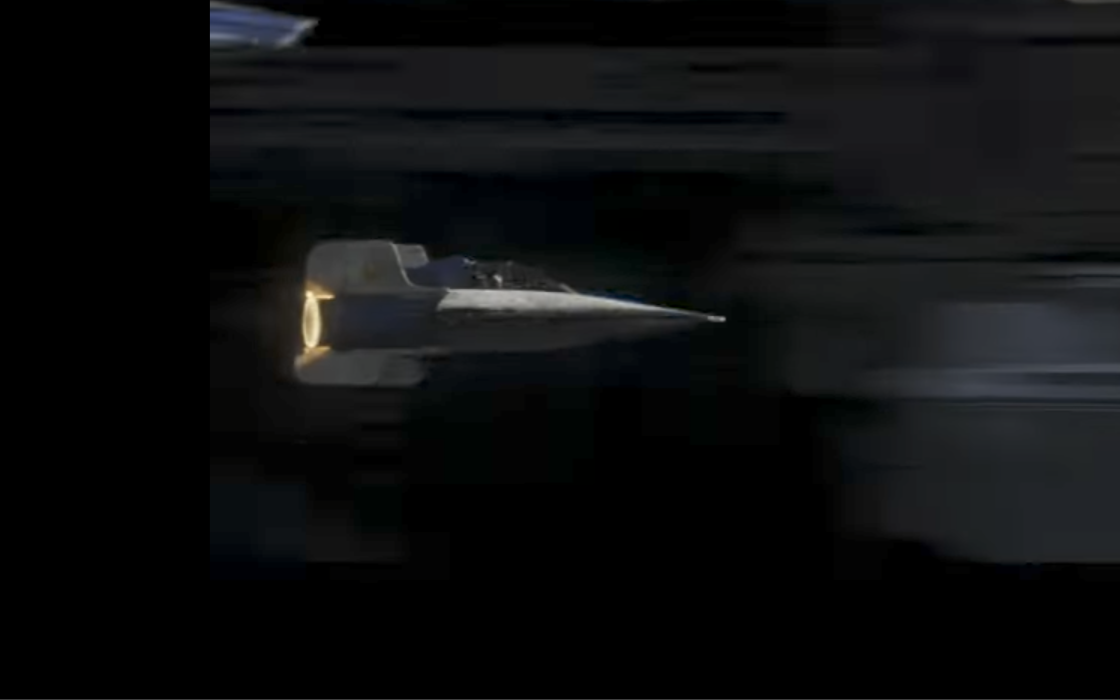 Screenshot_20230906-230656.png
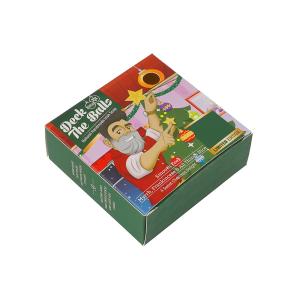 Personalized Custom Soap Paper Box Folding Soap Boxes With Logo Packaging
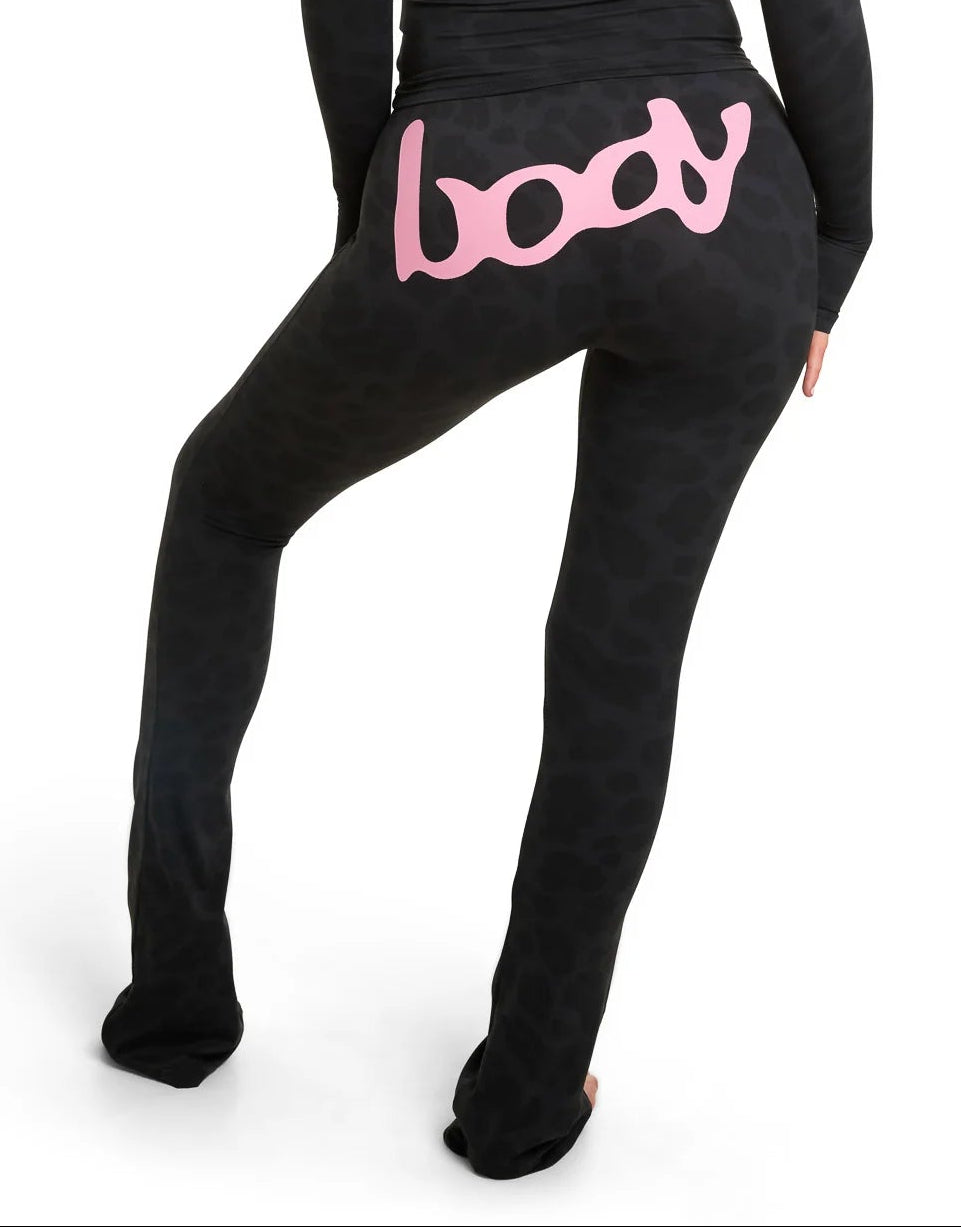 Sichere dir heute 60 % Rabatt auf „Body“ Snatched Zip 💅🏻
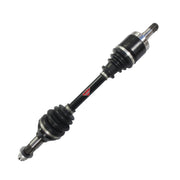 Polaris ACE Rugged Performance Axle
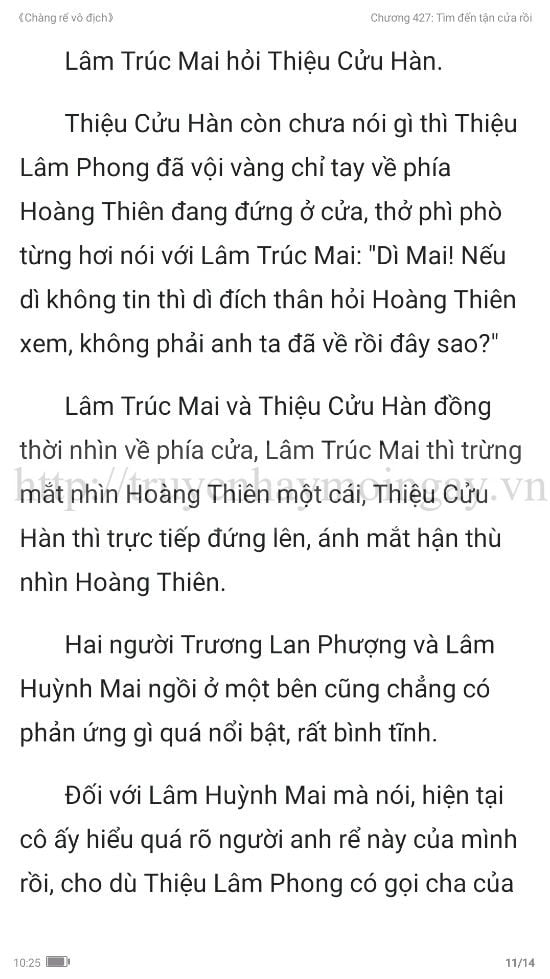 chang-re-vo-dich-chang-re-de-nhat-427-10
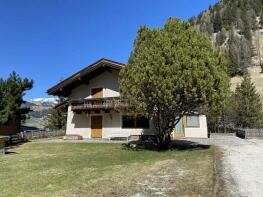 Photo of Trentino-South Tyrol, Bozen, Selva di Val Gardena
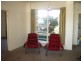 8/36 Byron Road, Black Forest SA 5035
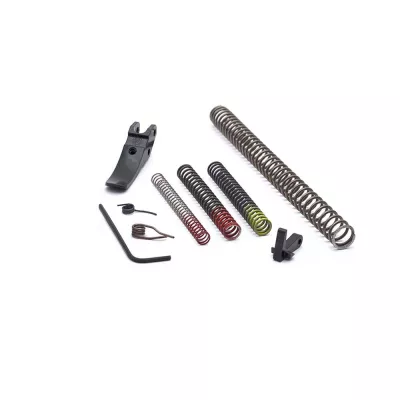 Eemann Tech Upgrade Kit for...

════════════════════

→ **Exercise details**
With the pictures set aside, repeat every entry above exactly.

→ **Written solution**
 Screenshot_20230906-230656.png
 Personalized Custom Soap Paper Box Folding Soap Boxes With Logo Packaging
 Sichere dir heute 60 % Rabatt auf „Body“ Snatched Zip 💅🏻
 Polaris ACE Rugged Performance Axle
 chang-re-vo-dich-chang-re-de-nhat-427-10
 Photo of Trentino-South Tyrol, Bozen, Selva di Val Gardena
 8/36 Byron Road, Black Forest SA 5035
 Eemann Tech Upgrade Kit for...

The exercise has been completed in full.